## How to complete this task
Set down the whole listing below exactly. The pictures stay out.

## Dataset content
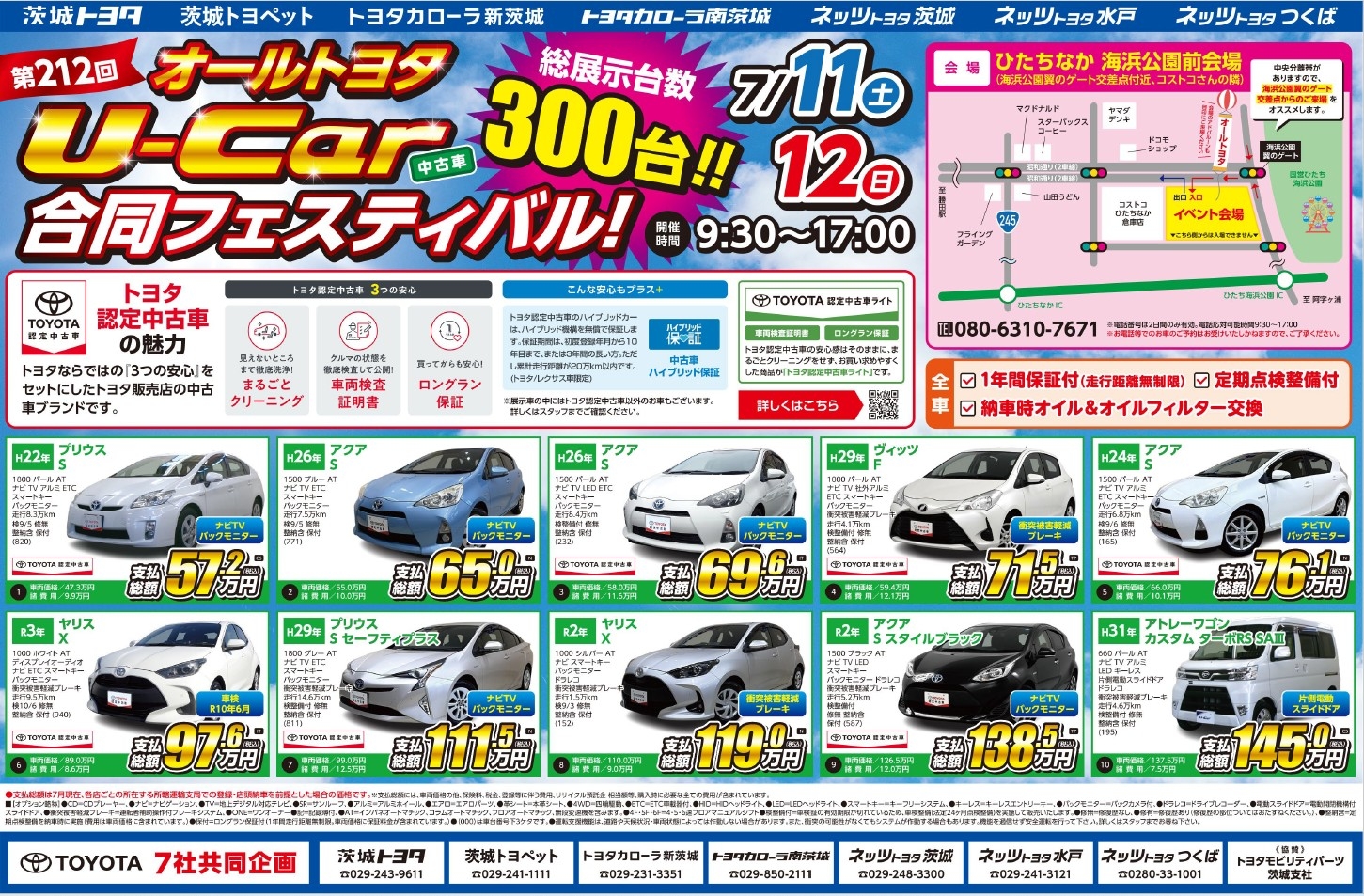 オールトヨタ中古車イベント | 茨城トヨタ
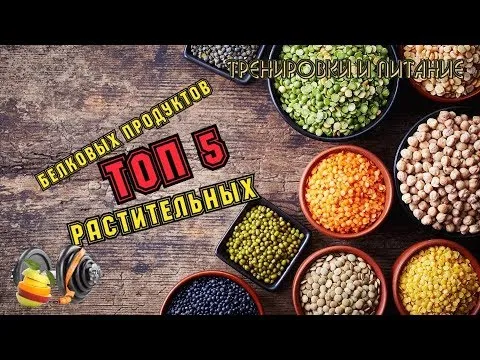 Нажми и смотри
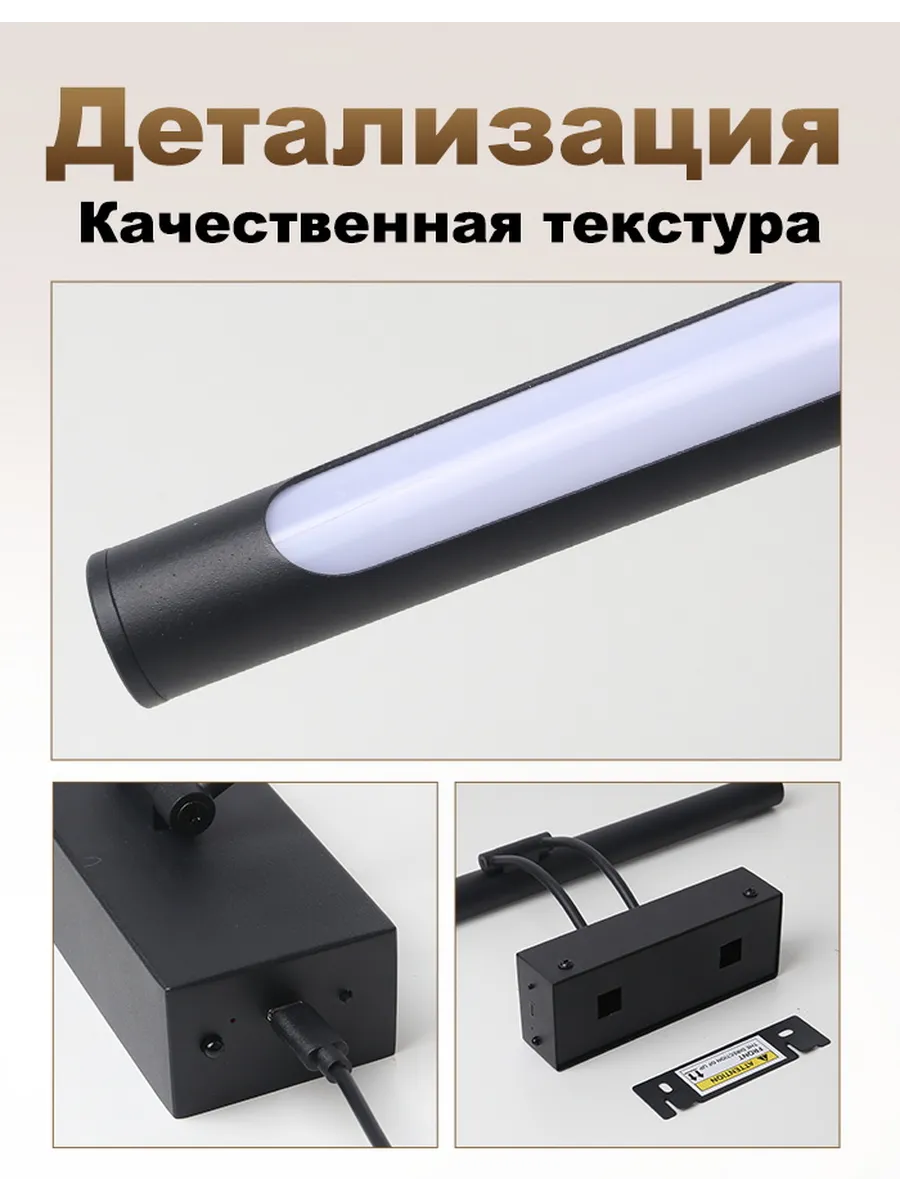 SEEDIQ Настенный светильник чёрный 40 см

## Solution to this problem
 オールトヨタ中古車イベント | 茨城トヨタ
 Нажми и смотри
 SEEDIQ Настенный светильник чёрный 40 см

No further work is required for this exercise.